## WHAT THE TASK REQUIRES
From the first line of the records through the line containing "RYOBI Kapp- und", retype every line exactly and nothing else.

Data records:
+--

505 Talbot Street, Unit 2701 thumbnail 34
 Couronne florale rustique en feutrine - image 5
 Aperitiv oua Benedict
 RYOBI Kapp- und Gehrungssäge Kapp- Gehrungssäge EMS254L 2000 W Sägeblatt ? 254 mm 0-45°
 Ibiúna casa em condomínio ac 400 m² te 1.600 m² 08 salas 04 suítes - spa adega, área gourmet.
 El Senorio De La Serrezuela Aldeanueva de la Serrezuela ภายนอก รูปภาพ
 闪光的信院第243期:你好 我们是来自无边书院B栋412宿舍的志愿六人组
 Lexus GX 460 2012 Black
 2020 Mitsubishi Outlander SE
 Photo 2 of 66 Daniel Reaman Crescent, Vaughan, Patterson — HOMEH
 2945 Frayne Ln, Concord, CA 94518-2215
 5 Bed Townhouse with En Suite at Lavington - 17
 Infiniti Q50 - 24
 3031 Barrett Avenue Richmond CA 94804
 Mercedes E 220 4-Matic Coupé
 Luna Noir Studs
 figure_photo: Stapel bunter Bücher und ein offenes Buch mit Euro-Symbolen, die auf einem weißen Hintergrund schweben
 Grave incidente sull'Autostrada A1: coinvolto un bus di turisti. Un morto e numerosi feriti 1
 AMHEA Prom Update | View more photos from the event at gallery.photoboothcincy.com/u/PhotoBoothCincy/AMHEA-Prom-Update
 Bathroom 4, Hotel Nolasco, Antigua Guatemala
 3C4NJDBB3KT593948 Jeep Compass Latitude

+--

## EXERCISE RESULT
505 Talbot Street, Unit 2701 thumbnail 34
 Couronne florale rustique en feutrine - image 5
 Aperitiv oua Benedict
 RYOBI Kapp- und Gehrungssäge Kapp- Gehrungssäge EMS254L 2000 W Sägeblatt ? 254 mm 0-45°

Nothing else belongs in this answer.